Berikut adalah tujuh ciri aplikasi penghasil uang penipuan yang perlu Anda waspadai:

  • Janji profit yang tidak masuk akal: Jika sebuah aplikasi menjanjikan investasi Rp100 ribu bisa menjadi Rp10 juta dalam waktu singkat, waspadalah. Investasi legal seperti reksa dana atau deposito hanya menawarkan return 5-20% per tahun. Janji keuntungan yang terlalu besar biasanya adalah jebakan.
  • Wajib top up sebelum bisa menarik dana: Aplikasi penipuan seringkali meminta biaya administrasi atau misi VIP sebelum Anda dapat mencairkan uang. Aplikasi yang legal tidak pernah meminta deposit untuk pencairan.
  • Skema ponzi berbasis rekrutmen: Jika pendapatan utama berasal dari mengajak orang baru untuk mendaftar, kemungkinan besar itu adalah aplikasi scam. Skema seperti ini seringkali berujung pada kerugian bagi anggota yang baru bergabung.
  • Tidak ada izin OJK, BI, atau Kominfo: Pastikan untuk memeriksa apakah aplikasi tersebut terdaftar di OJK. Jika nama developer tidak jelas atau alamat kantor tidak ada, sebaiknya hindari aplikasi tersebut.
  • Rating Play Store yang mencurigakan: Jika rating aplikasi tinggi tetapi ulasannya tampak seragam atau terkesan palsu, ini bisa jadi tanda bahaya. Bacalah ulasan bintang satu untuk mendapatkan gambaran yang lebih realistis tentang pengalaman pengguna lain.
  • Desain aplikasi yang buruk: Aplikasi bodong biasanya memiliki tampilan yang tidak menarik, banyak kesalahan ketik, dan seringkali diisi dengan iklan judi online. Aplikasi yang profesional akan memiliki antarmuka yang rapi dan menarik.
  • Taktik FOMO dan tekanan waktu: Penawaran yang mengharuskan Anda bertindak cepat, seperti “promo hanya berlaku 3 hari” adalah tanda bahaya. Jangan terburu-buru dalam mengambil keputusan finansial.

Prinsip yang harus diingat adalah aplikasi yang legal tidak pernah meminta Anda untuk menyetorkan uang sebelum bisa mencairkan penghasilan.

Untuk memeriksa legalitas aplikasi, Anda dapat mengikuti langkah-langkah berikut:

  1. Cek di situs OJK: Kunjungi ojk.go.id dan cari nama aplikasi atau nama perusahaan pengembang. Jika tidak terdaftar, maka aplikasi tersebut ilegal.
  2. Teliti halaman Play Store: Perhatikan nama developer, alamat kantor, jumlah unduhan, dan tanggal pembaruan terakhir. Aplikasi yang tidak diperbarui dalam waktu lama patut dicurigai.
  3. Baca ulasan terbaru: Fokus pada ulasan bintang satu terbaru. Jika banyak keluhan tentang penolakan penarikan atau pemblokiran akun, tinggalkan aplikasi tersebut.
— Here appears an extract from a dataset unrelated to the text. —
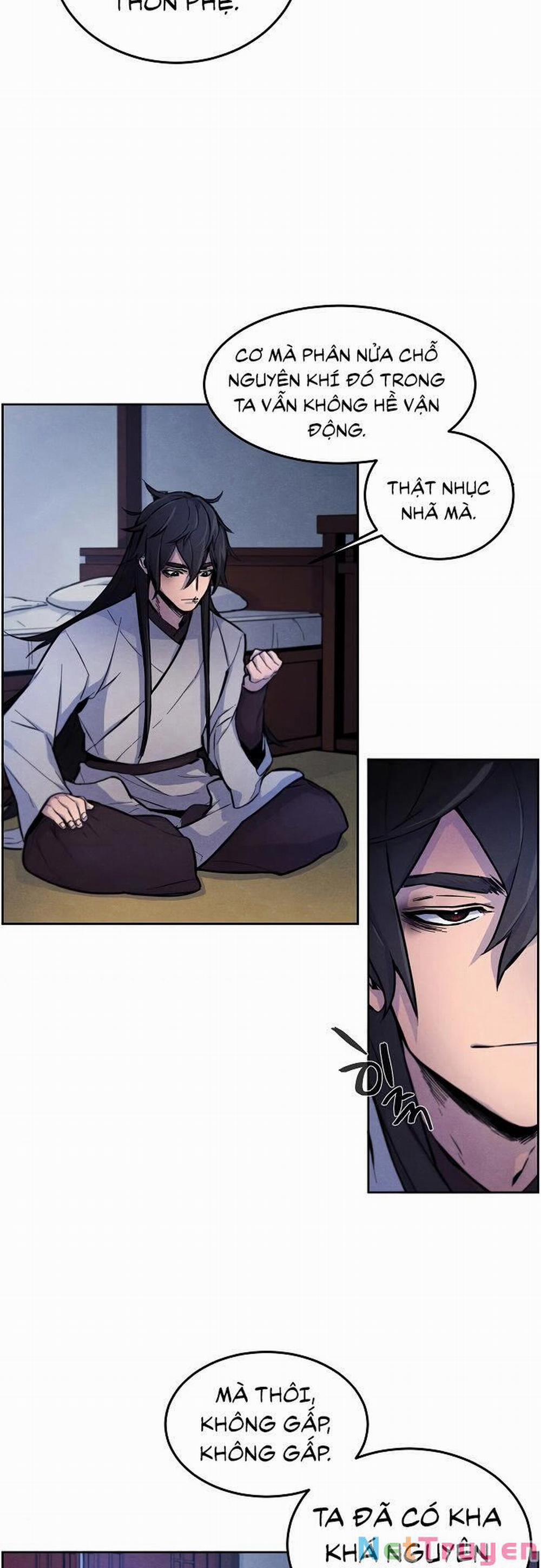 Cuồng Ma Tái Thế 2 trang 22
Jika Anda sudah terlanjur menjadi korban penipuan, langkah pertama adalah menghentikan semua setoran tambahan. Hubungi call center OJK di nomor 157 atau kirim email ke konsumen@ojk.go.id dengan melampirkan bukti transfer. Selain itu, laporkan ke kepolisian dan adukan ke Kominfo melalui aduankonten.id agar aplikasi tersebut bisa segera diblokir.

Ingat, tidak ada cara instan untuk mendapatkan uang. Jika Anda mencari penghasilan tambahan yang nyata, jalur yang aman adalah melalui freelance, berjualan, atau program afiliasi. Meskipun membutuhkan usaha, hasil yang didapatkan jauh lebih aman dan tidak berujung pada masalah hukum.